1. Data Assurance. If the data in the model are wrong, all bets are off. The derived recommendations, the assessment of feasibility and performance, and even the "explanations" provided: everything hinges on the validity of the data that enters the model. This means we must assess noise and bias, strive to detect errors and attacks, and quantify uncertainty in the forecasts that enter the optimization model. Solution context must therefore include an assessment of the data that enters our model, highlighting any potential issues.
2. Model Assurance. The model is always an imperfect approximation of the world. Before a model is deployed (user stories 1 and 3), we must ensure that the model is accurate where necessary. If we use linear approximations to nonlinear functions, we must ensure that the error introduced cannot significantly affect the quality of the solutions. If we linearly aggregate multiple objectives into one, we must ensure that the trade-off between the objectives is indeed a constant.

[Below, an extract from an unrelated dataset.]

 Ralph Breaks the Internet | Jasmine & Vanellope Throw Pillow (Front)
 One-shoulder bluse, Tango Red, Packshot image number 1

If we use averages of uncertain forecasts in our model, we must ensure that our assessment of solution quality is still accurate.

Handling Uncertainty

And this is where OR "explanations" fall short. Textbook OR problems all work with deterministic data and a model that is, per definition, accurate. But:

• Almost no one has a pure knapsack problem. Both resource consumption and profits are usually estimates that come with inherent uncertainty.
• Almost no one has a travelling salesperson problem. Travel times and service times are estimates that come with inherent uncertainty.
• Almost no one has a job shop problem. Machines break down, demand fluctuates, people get sick, and materials arrive late. Everything that hits the shop floor comes with inherent uncertainty.

And this means, with absolute certainty, that performance cannot be represented by one value. Because as inputs change, so do outputs. Your costs and profits and service levels, they all fluctuate with the inputs. But, of course, we have to make our decisions before we know the actual inputs. Otherwise, we would simply defer our optimization until the time when we have deterministic knowledge.

Therefore, the most important solution context that an optimization application must provide is an assessment of how solution quality and feasibility change as uncertain inputs change.

In InsideOpt Seeker models, every stochastic term can be queried for its distribution. For this puzzle, e.g., we derived this context of our optimized investment strategy:

So rather than receiving a solution and a statement that it achieves an average return of $18,399, the user can see that the real results may vary between $4,000 and $55,000, depending on the inherent uncertainty in the inputs.

A curve like this builds more trust than any irreducible set of infeasible constraints ever will. Because it openly acknowledges what stakeholders have know all along: that outcomes cannot be predicted with certainty.

That the objective of optimization is not a proof of optimality, but to provide a rational, risk-mitigating course of action.